The army stayed loyal. They lost chance then with the Munich agreement. So the army leadership was weak. By the summer of 1940, it was far more weakened by Hitler’s enormous triumphs. The Führer is the most popular leader in the world. Then how can you overthrow a leader in the middle of a war? You can’t do it.
On top of that there is another thing which is the codex of obedience to political authority within the military. Many of the generals exaggerated this sense of obedience because it is suitable to do so as apologetics after the War. But nonetheless there was a notion of this codex in the army, a notion of “we are professional soldiers. We don’t criticize orders from the leadership. We carry them out.” For example, a typical reflexion of this was field-marshal Manstein’s reaction when he was asked about joining in a coup. He said: “Prussian field-marshals don’t mutinate.”

TR: At the beginning of the second volume you say that the Hubris, the will of power, calls the Nemesis, the destruction. In that sense, destruction would be in the logical process of Nazism. Did Hitler’s suicide belong to this logic?
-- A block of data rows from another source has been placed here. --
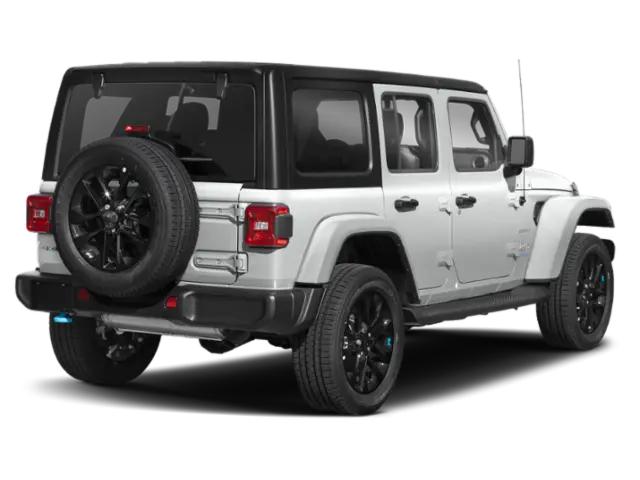 2023 Jeep Wrangler 4xe High Altitude 4x4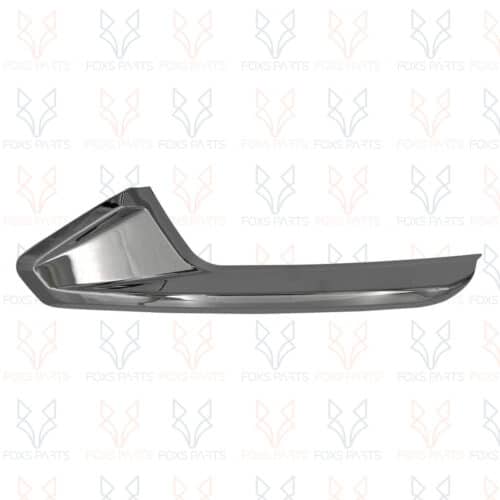 زه استیل (قاب) مه شکن جلو سمت چپ KMC T8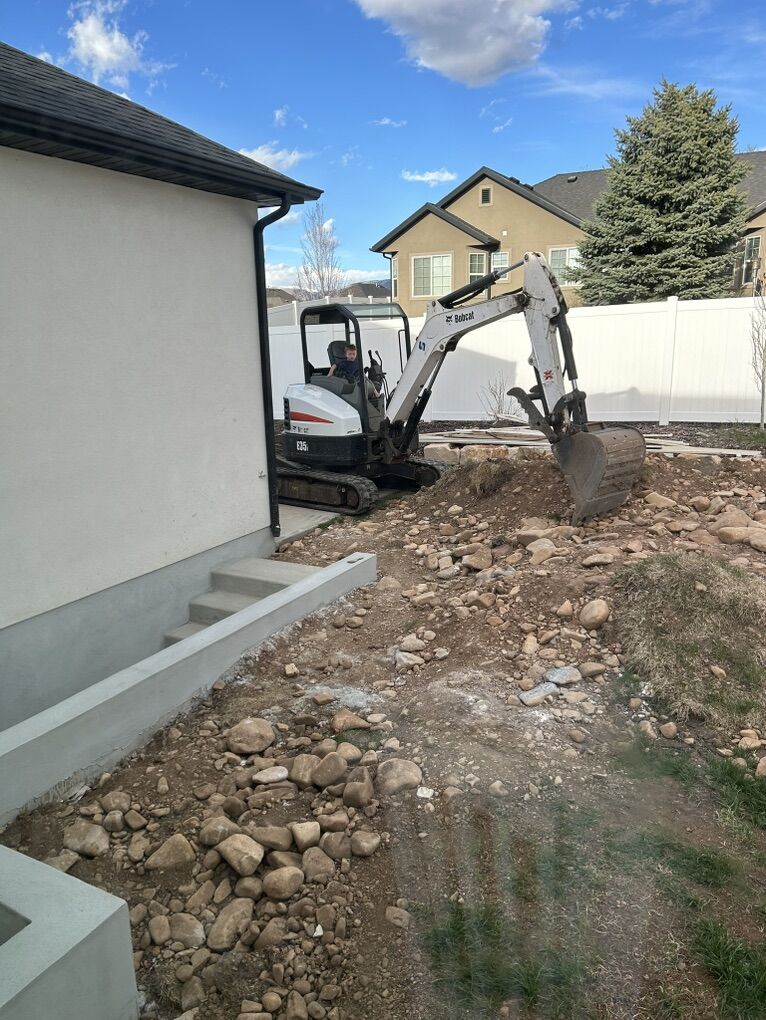 2016 Bobcat E35 Mini Excavator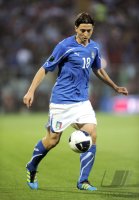 Fussball International EM 2012-Qualifikation: Riccardo Montolivo (Italien)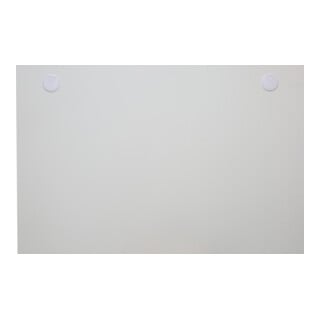 Plateau de bureau STIER blanc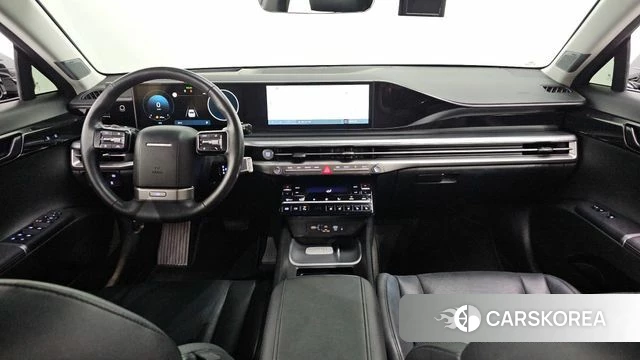 Hyundai Grandeur (GN7) id 4223342 из Кореи 30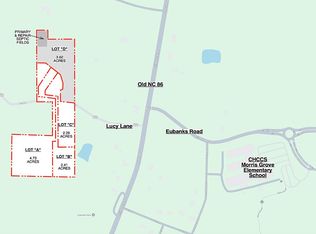 1118 Lucy Ln, Chapel Hill, NC 27516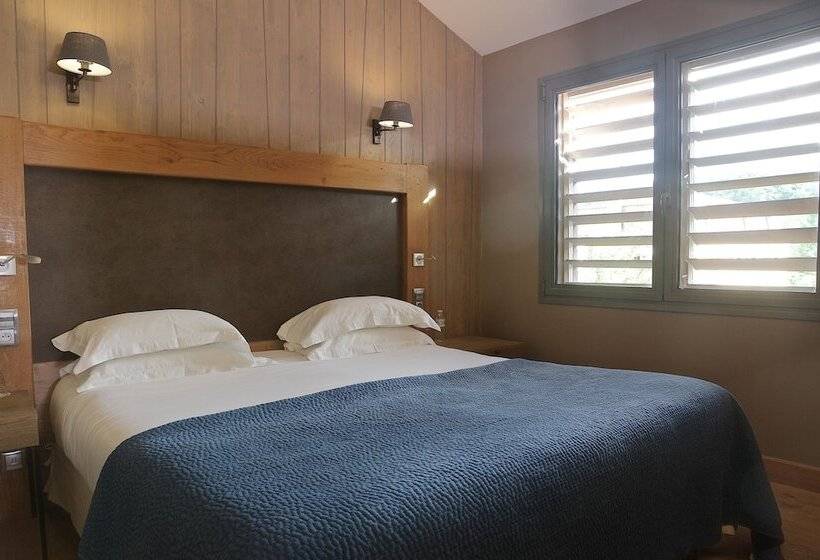 هتل Les Glycines   Hôtel & Spa   Teritoria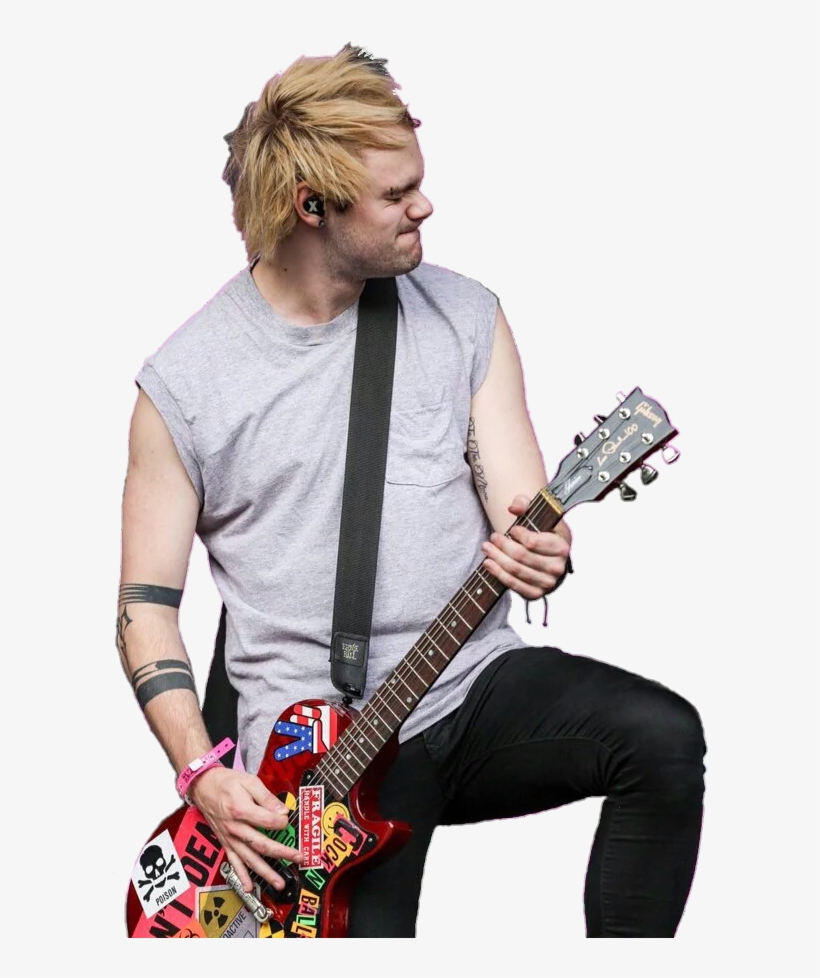 Michael Clifford Transparent Tumblr For Kids - Michael Clifford, transparent png download
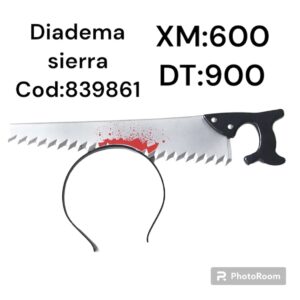 DIADEMA SIERRA (288)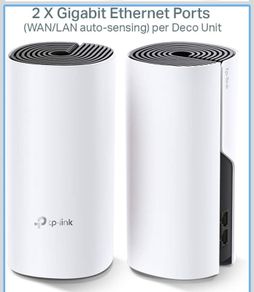 TP-Link Deco M4 x2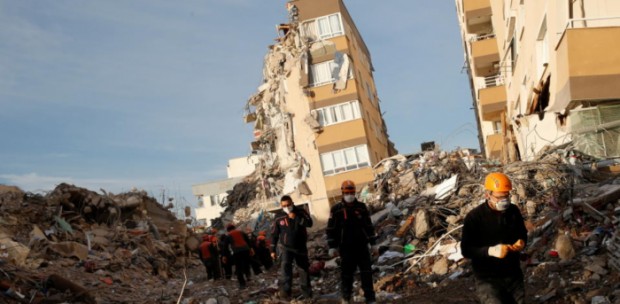 Земетресенията в Гърция не представляват сеизмичен риск за България
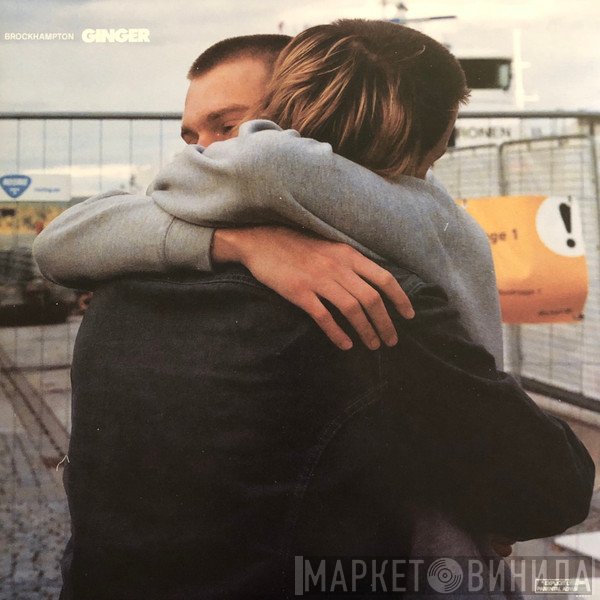 Brockhampton - Ginger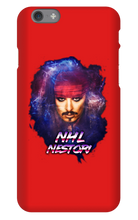 NHL Nestori iPhone Phone Case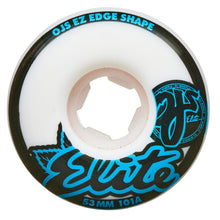 Load image into Gallery viewer, OJ Elite EZ Edge 101A 53mm Skateboard Wheel

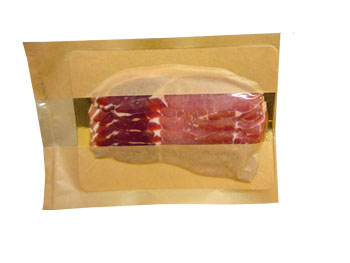 Paper Pouch With Panel 200X300 600 Per Box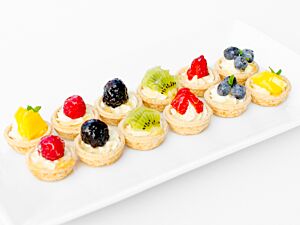 Little Fruit Tartlettes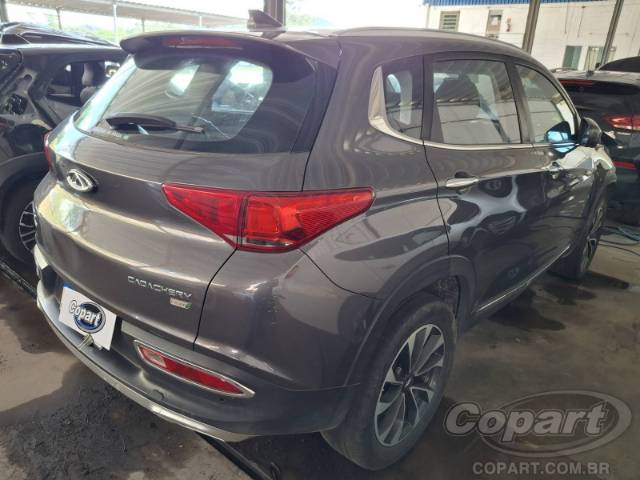 2022 CAOA CHERY TIGGO 7 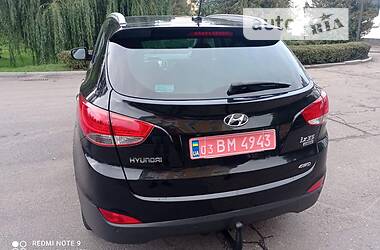 Позашляховик / Кросовер Hyundai ix35 2011 в Луцьку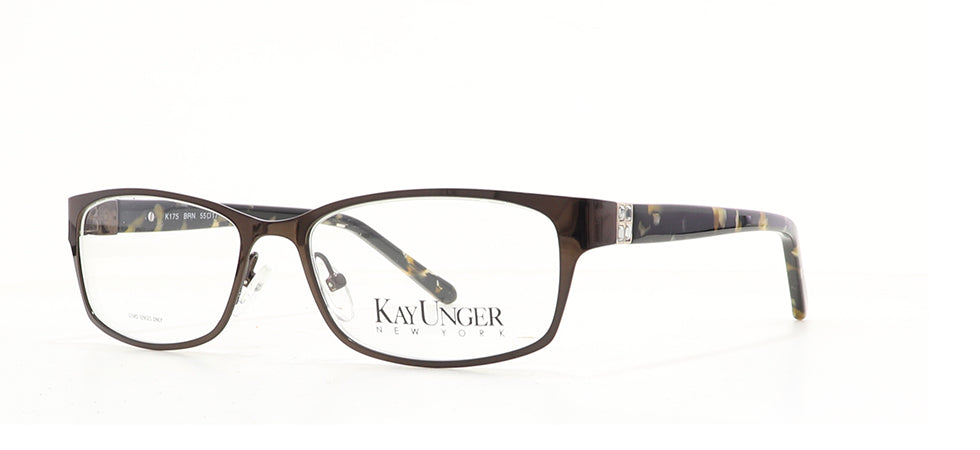 Image of Kay Unger Eyewear Frames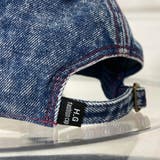ハートロゴ刺繍キャップ | non-hedge | 詳細画像42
IK: I think suicide and self-destructiveness was very close to Hitler’s character. He threatened suicide on numerous occasions. He was always somebody who was almost like a “Prima Dona”. In the numerous crisis, in the twenties and in the thirties, it was always “all or nothing”. There was no middle ground in this complete opposition. If things or people did not come with him, he would make an end of everything in the second.
Of course it was always during hysteric moments but it did reveal some deep-seated type of self-destructive component at Hitler. That’s not to say that he planned his life to kill himself at the ending. Of course not. But in his political vision there was an invitation to self-destruction. In this complete black or white type of dualism, when you say, as Hitler would say, in Mein Kampf and afterwards: “Victory or destruction. There is no middle ground.” So, you have a triumph or you’re destroyed. And, of course, he thought of triumph, but when the triumph is no longer tenable, what was left then? Not a political solution, simply destruction. Therefore the Nemesis follows the Hubris, that is to say this arrogance of power. When, by a war, you bring all the western powers and the USSR against you, you are actually inviting the destruction to your country. And there is no get out then. You cannot negotiate a peace, which Hitler always refused to do.
Moreover, for Hitler and the Germans, the haunting defeat of 1918 forbade any repetition of that kind of downfall. There couldn’t be another capitulation. So I think this self-destructiveness was implicit in the person. But it was also implicit in the system that followed this person to the extend that he was committing himself to this colossal gamble, which well may not work. And if it does not work, what then?

TR: You picture Hitler as a lonely man, unable to show any affection and human feelings to close people such as Eva Braun, Speer or Goebbels. What can be said about the character and his privacy?

IK: I’m no psychologist but I think there is a sort of person that is noticed by psychologists as having a form of schizophrenia. Schizophrenia is a very wide-ranging term in psychology. This sort of person has a real difficulty in establishing human contact. But that same person can be highly affected in external relationships. The inner absence of feelings works itself through on in really quite enormous successfulness and attractiveness to people outside. It’s a consequence of the lack of inner self-esteem, I think. You get your esteem from the applause that you find. And at the same time there is no personal contact there. It is simply an external attribute that comes to you, which helps you to get this inner self-esteem but doesn’t help to build any human contact.
The brutalization of the character comes directly after the lack of self-esteem that gains its compensation by an exaggerated form of projection outwards.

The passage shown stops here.